The listing below contains a span that opens with the line containing "Can a Frying" and closes with the line containing "Utbreiinga av nordpadde". Return that span exactly.

[Dataset excerpts Boundary: Start]

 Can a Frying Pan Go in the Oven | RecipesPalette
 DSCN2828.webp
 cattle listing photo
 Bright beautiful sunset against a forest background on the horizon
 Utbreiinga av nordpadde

[Dataset excerpts Boundary: End]
[Dataset excerpts Boundary: Start]

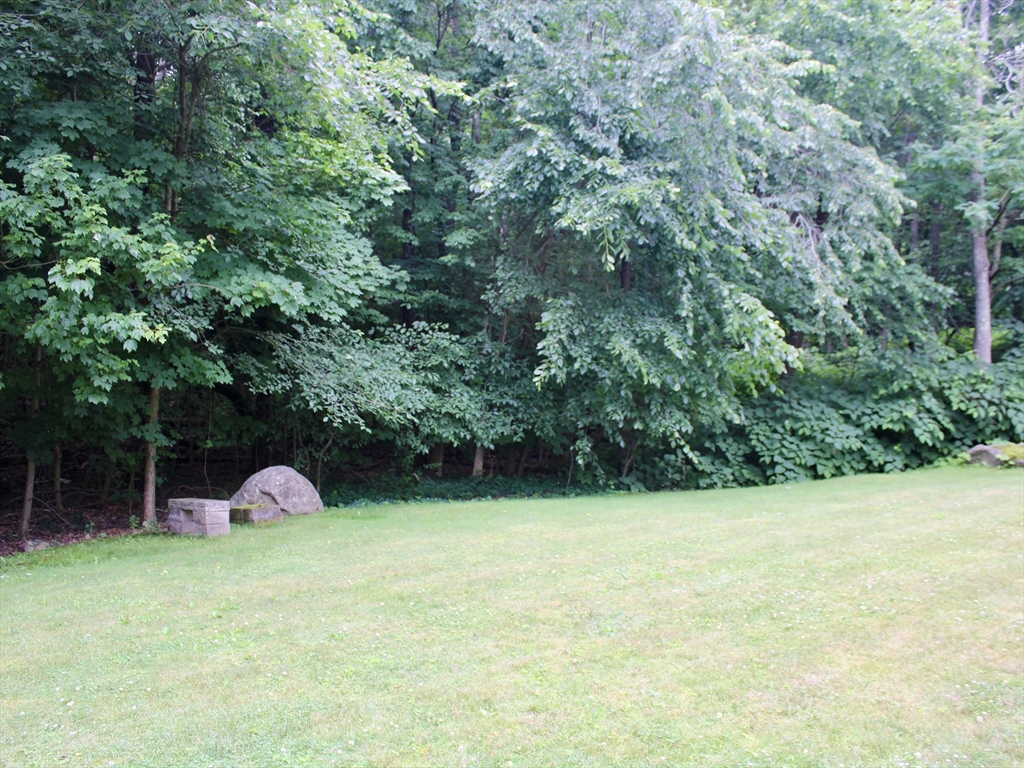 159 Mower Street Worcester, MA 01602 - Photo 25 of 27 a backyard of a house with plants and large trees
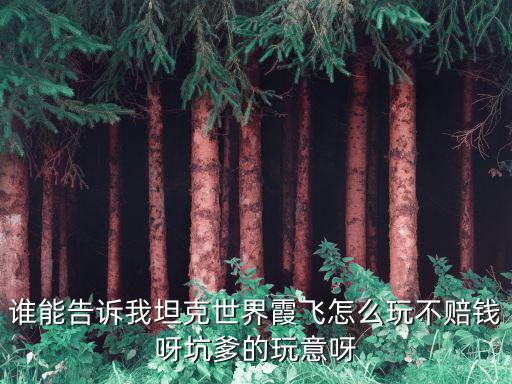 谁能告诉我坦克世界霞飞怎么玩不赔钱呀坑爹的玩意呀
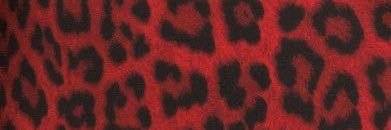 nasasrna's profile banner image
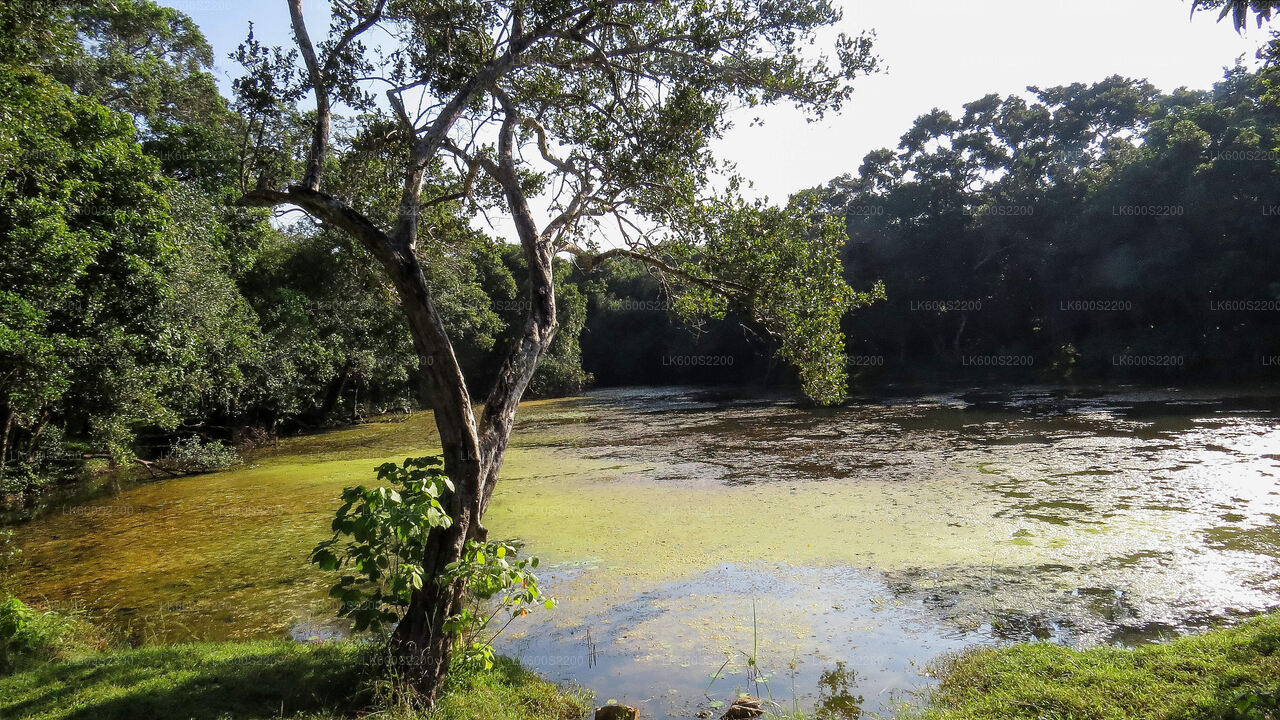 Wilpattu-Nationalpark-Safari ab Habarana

[Dataset excerpts Boundary: End]
[Dataset excerpts Boundary: Start]

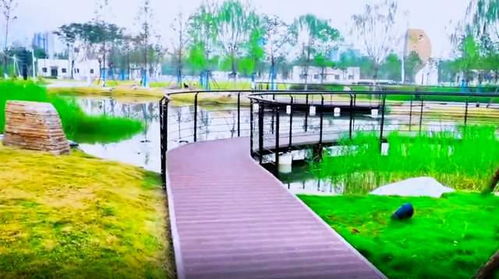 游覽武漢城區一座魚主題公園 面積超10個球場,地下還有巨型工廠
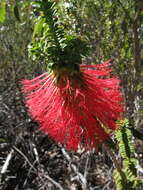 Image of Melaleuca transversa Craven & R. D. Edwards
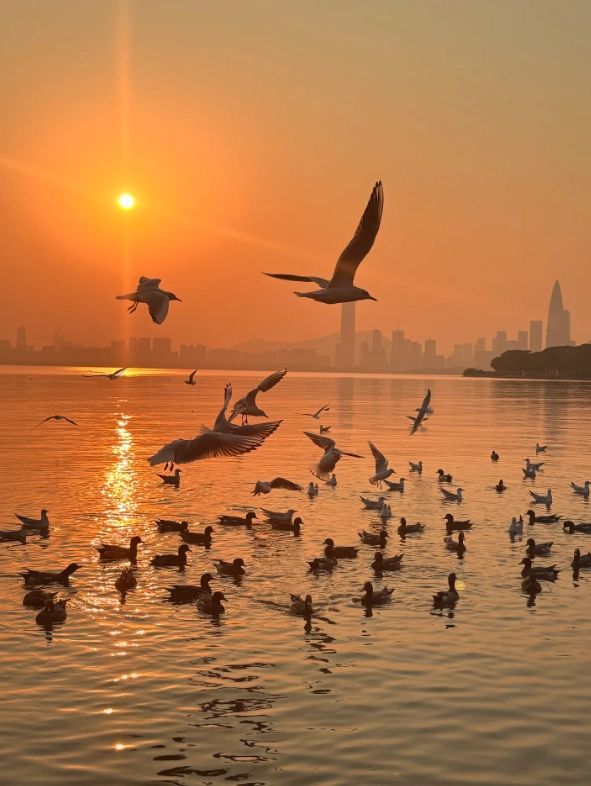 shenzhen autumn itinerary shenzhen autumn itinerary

[Dataset excerpts Boundary: End]

**Answer space**.
 Can a Frying Pan Go in the Oven | RecipesPalette
 DSCN2828.webp
 cattle listing photo
 Bright beautiful sunset against a forest background on the horizon
 Utbreiinga av nordpadde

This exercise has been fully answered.